- Task prompt -
Every line from the one with "Aria Pro II" up to and including the one with "Ford Focus STYLE" is to be output exactly as it appears below; pictures are not.

- Records for processing -
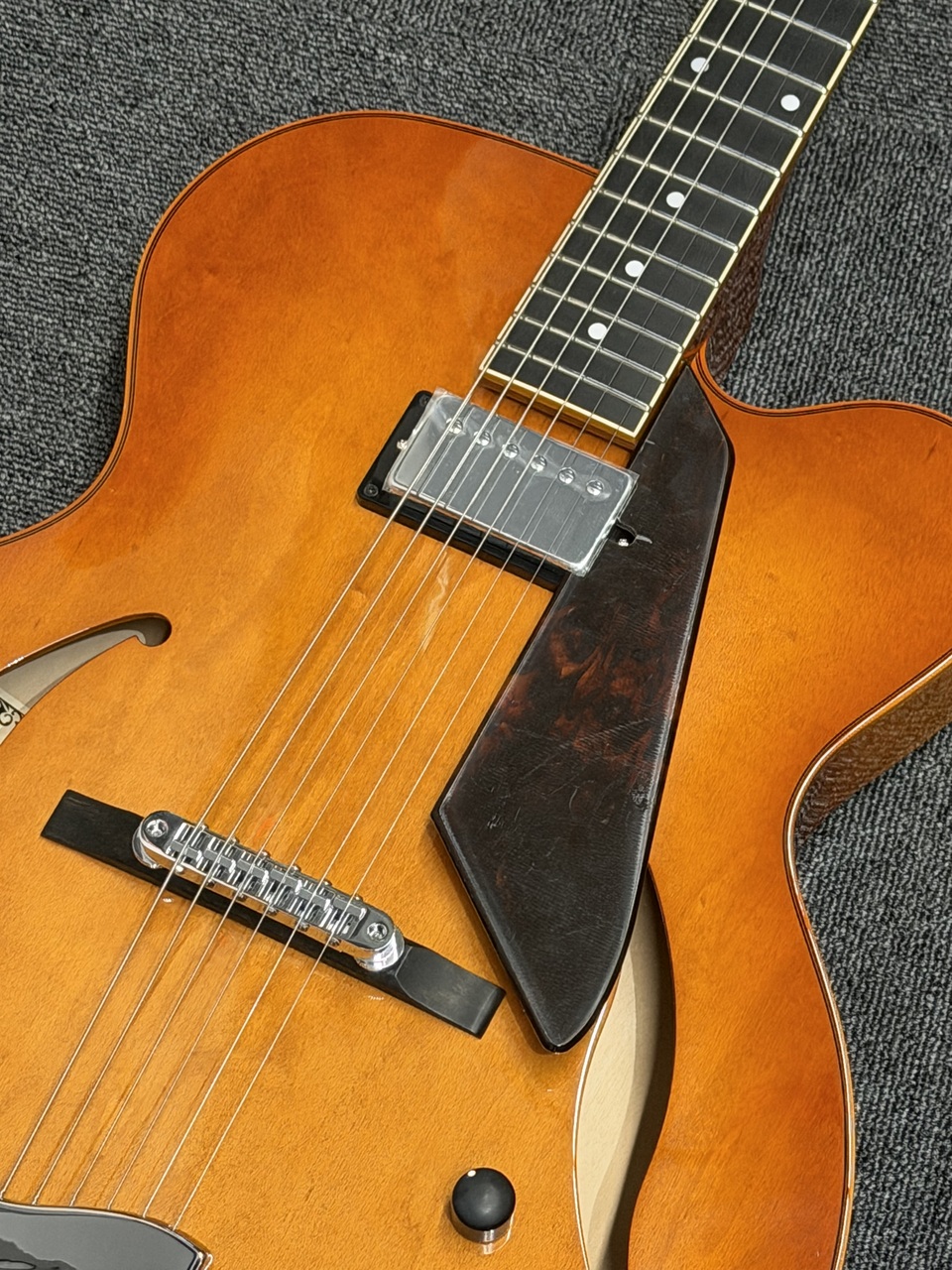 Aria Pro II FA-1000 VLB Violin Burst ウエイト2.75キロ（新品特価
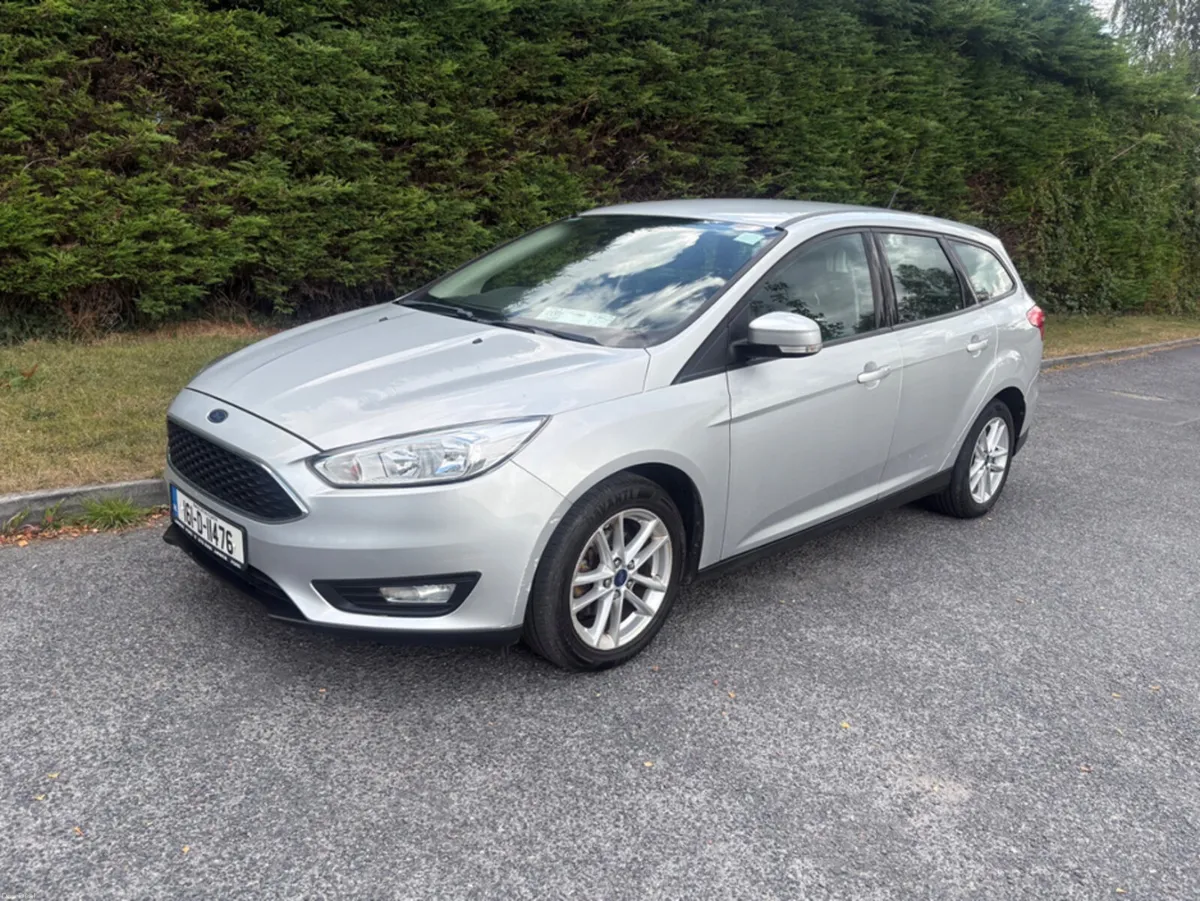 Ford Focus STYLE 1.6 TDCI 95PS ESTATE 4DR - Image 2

---

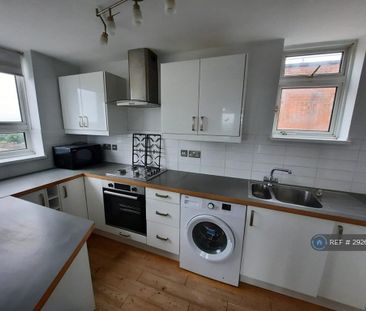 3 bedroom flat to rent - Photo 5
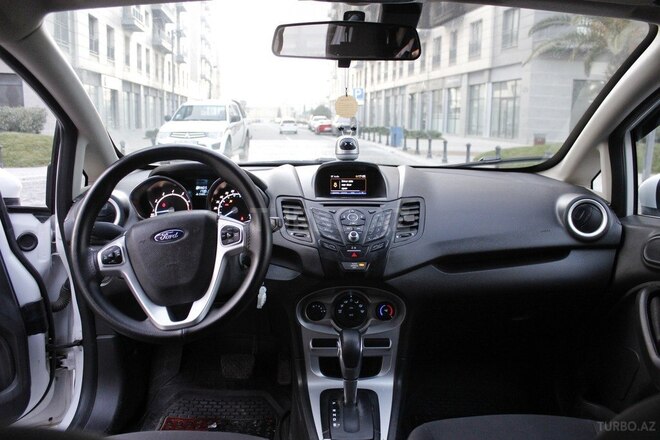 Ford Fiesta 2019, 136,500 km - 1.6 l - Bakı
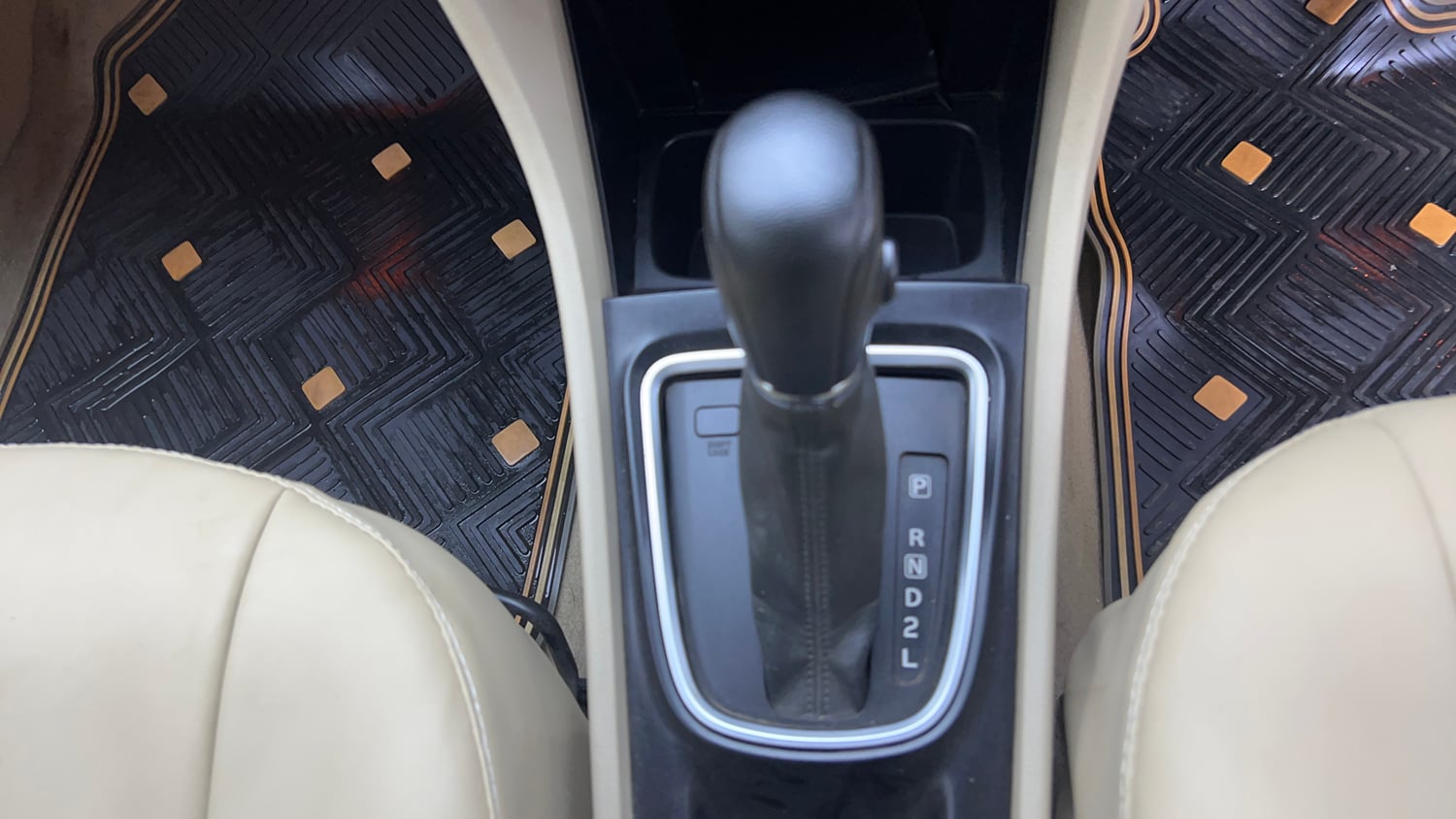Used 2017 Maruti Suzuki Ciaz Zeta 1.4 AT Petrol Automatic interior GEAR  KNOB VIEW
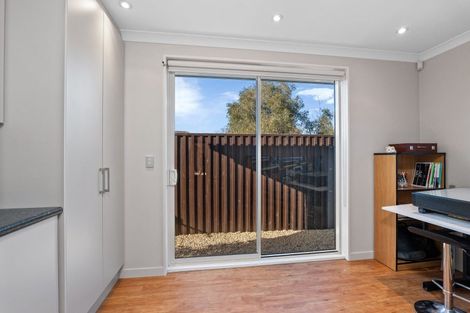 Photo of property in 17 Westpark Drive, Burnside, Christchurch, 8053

- Answer to this problem -
 Aria Pro II FA-1000 VLB Violin Burst ウエイト2.75キロ（新品特価
 Ford Focus STYLE 1.6 TDCI 95PS ESTATE 4DR - Image 2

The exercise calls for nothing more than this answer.